Silhouette of a person with a storm cloud head emitting lightning bolts over a rainy landscape

At times, I don’t want to be around people.

That feeling is more common than people admit, but the reason behind it matters a lot.

There’s a difference between:

Needing space to recharge (which is healthy), and wanting to withdraw from people entirely or often (which can signal something deeper).

More often than not, I feel better off unalive. I have envisioned my passing quite often. Anything I do is not good enough.

I feel that there are no options. No matter how much I try, it’s not good enough. The only reason I have not yet acted is the space between me and a bottle of drugs.

I feel used by people, and the relationships are based on what people can get from me.

These are times of my darkest thoughts.
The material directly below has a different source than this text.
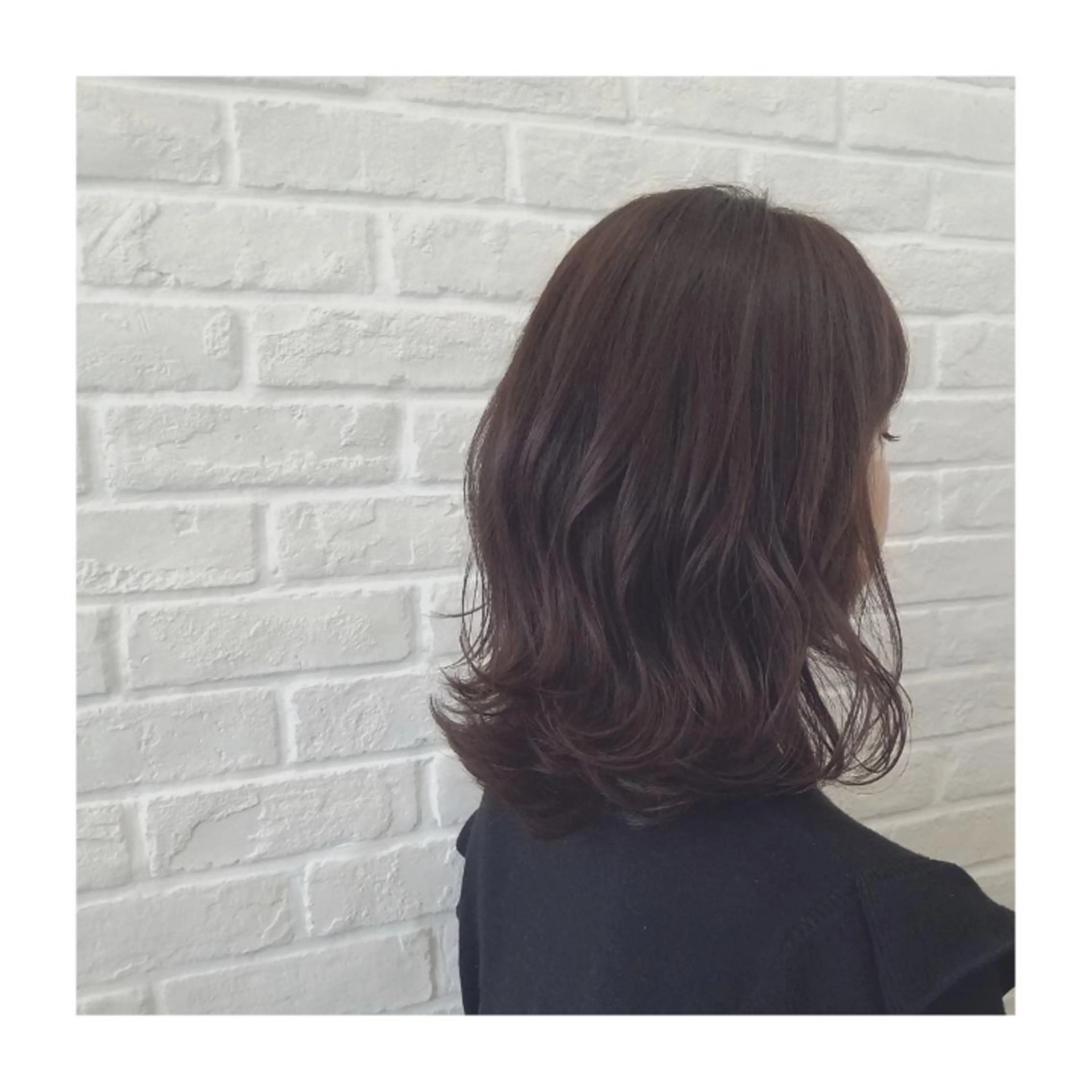 ミディアム 増田 晃士のヘアスタイル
If I make it tomorrow, it is another day to survive.

There are still nights when the weight of everything feels unbearable—when the silence gets loud, and the thoughts return without warning. Nights simply making it to the next day feels like more than it should.

But I’ve come to understand something in those moments.

Surviving is nothing.

It may not look like progress. It may not feel like strength. But choosing to stay—when every part of you is tired, when your mind tells you there is no reason to—means something. More than most people will ever see.

I don’t have all the answers. There are still parts of my story that feel unfinished, parts of myself I am still trying to understand. And maybe that’s the truth of it—this isn’t a story about having it all figured out.

It’s about continuing, even when it doesn’t make sense.

Maybe tomorrow won’t be easier. Maybe the questions will still be there. But as long as I am here, there is still something unwritten.

And for now, that must be enough. Surviving another day is all I can do.